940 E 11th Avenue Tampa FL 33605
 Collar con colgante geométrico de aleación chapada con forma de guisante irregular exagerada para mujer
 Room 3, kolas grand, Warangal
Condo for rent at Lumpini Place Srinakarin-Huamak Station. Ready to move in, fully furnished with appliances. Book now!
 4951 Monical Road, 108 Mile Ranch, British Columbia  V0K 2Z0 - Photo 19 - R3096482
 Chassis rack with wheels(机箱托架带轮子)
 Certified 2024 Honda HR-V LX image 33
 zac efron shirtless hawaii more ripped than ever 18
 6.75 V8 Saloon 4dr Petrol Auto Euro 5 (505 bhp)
====================
__TASK ITEM__:
Check each line above for "with" and return the ones that have it.

__ANSWER TO THE PROBLEM__:
Condo for rent at Lumpini Place Srinakarin-Huamak Station. Ready to move in, fully furnished with appliances. Book now!
 Chassis rack with wheels(机箱托架带轮子)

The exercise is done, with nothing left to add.